Horeb is pronounced in Hebrew as Choreb which, if correctly preserved in Arabic, _wouldn't_ be `Arribeh:
Strong 2722 Horeb, Choreb, Kho-rabe', "desolate;" from 2717 Charab khaw-rab' or Chareb, khaw-rabe', "to parch."
(James Strong. Strong's Exhaustive Concordance. Hebrew & Chaldee Dictionary. Waco, Texas. Word Books. 1977)
Archaeologists, despite repeated careful surveys of this area have found no evidence of a Late Bronze Age occupation in the form of encampments or burial tumuli which would be associated with the thousands who perished worshipping the Golden Calf. The Bible suggests for some Protestant scholars that the Exodus was ca. 1446-1406 B.C. (cf. 1 Kings 6:1). However, many Liberal scholars prefer an Exodus ca. 1250 B.C., which is also in the Late Bronze Age (The Late Bronze being ca. 1570-1200 B.C.). For these reasons (the lack of Late Bronze Age sites) most Liberal scholars regard the Exodus to be fiction as presented in the Hebrew Bible.
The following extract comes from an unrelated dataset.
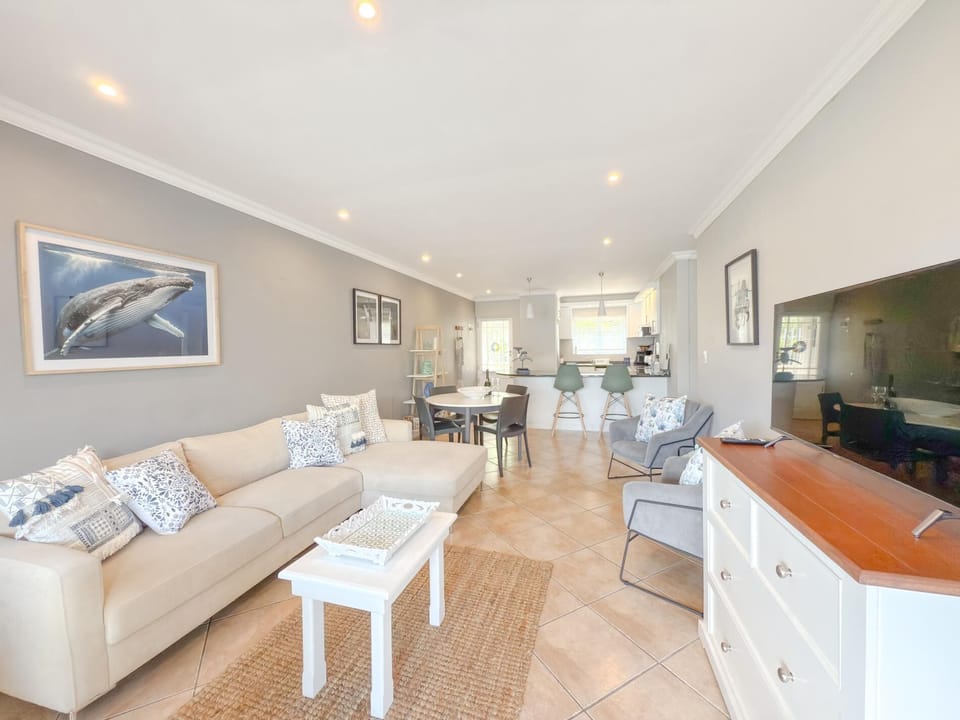 Kloof Gardens Contemporary Coastal Apartment (34273)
A pilgrimess, called Etheria or Egeria, circa the 4th/5th century A.D., kept a diary of her visit to Mount Sinai, and she noted that it was approximately 35 Roman miles from the Mountain of God to Pharan/Paran, usually identified with the modern Feiran oasis, which agrees with Horeb/Sinai being the vicinity of Jebel Musa.
Gingras on when the Diary was composed:
"It seems clear that Egeria's Diary was written after 394; it is very probable that she could not have written it before 404; and there is reason to believe the work may not have been composed until 417. Suggestions of any later date are almost certainly to be rejected. The consensus of scholars is that the picture of church life which emerges from the narrative best describes the ecclesiastical and liturgical milieu of the early fifth century."
(p. 15. "Introduction." George E. Gingas [Translator]. Egeria: Diary of a Pilgrimage. New York, N.Y. & Mahwah, New Jersey. The Newman Press. 1970)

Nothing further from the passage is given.